Exactly reproduce the lines beginning with the line that includes "Sergio Rossi Sergio" and ending with the last line of the data.

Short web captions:
+===+

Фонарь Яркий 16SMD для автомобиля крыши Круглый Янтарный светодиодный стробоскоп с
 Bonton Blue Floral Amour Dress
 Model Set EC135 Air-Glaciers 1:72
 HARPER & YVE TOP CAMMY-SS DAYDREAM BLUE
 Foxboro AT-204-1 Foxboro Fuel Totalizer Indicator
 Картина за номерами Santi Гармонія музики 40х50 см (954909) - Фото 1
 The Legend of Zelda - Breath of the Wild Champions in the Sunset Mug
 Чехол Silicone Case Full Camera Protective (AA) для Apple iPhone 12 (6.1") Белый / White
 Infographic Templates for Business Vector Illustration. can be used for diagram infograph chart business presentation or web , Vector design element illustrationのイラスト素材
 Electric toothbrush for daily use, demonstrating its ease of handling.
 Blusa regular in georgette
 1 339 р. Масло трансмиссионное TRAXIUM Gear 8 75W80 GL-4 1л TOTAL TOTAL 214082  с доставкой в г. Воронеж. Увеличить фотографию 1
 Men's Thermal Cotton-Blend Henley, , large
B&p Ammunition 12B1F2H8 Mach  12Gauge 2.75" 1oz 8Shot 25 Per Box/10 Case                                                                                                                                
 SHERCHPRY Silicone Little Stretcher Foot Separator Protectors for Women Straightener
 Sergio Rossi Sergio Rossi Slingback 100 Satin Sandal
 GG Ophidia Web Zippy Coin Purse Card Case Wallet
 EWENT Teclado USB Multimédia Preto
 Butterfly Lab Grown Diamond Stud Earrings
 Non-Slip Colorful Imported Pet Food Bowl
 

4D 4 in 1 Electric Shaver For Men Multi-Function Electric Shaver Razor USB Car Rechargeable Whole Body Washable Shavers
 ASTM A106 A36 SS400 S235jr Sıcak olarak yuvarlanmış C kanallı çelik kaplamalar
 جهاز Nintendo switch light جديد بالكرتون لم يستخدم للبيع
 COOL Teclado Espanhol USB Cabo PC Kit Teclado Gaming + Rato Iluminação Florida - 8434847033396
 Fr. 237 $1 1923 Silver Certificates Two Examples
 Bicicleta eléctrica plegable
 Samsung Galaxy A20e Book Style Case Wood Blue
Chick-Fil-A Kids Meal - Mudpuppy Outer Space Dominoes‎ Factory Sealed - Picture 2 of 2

+===+

Solution for this exercise ->
 Sergio Rossi Sergio Rossi Slingback 100 Satin Sandal
 GG Ophidia Web Zippy Coin Purse Card Case Wallet
 EWENT Teclado USB Multimédia Preto
 Butterfly Lab Grown Diamond Stud Earrings
 Non-Slip Colorful Imported Pet Food Bowl
 

4D 4 in 1 Electric Shaver For Men Multi-Function Electric Shaver Razor USB Car Rechargeable Whole Body Washable Shavers
 ASTM A106 A36 SS400 S235jr Sıcak olarak yuvarlanmış C kanallı çelik kaplamalar
 جهاز Nintendo switch light جديد بالكرتون لم يستخدم للبيع
 COOL Teclado Espanhol USB Cabo PC Kit Teclado Gaming + Rato Iluminação Florida - 8434847033396
 Fr. 237 $1 1923 Silver Certificates Two Examples
 Bicicleta eléctrica plegable
 Samsung Galaxy A20e Book Style Case Wood Blue
Chick-Fil-A Kids Meal - Mudpuppy Outer Space Dominoes‎ Factory Sealed - Picture 2 of 2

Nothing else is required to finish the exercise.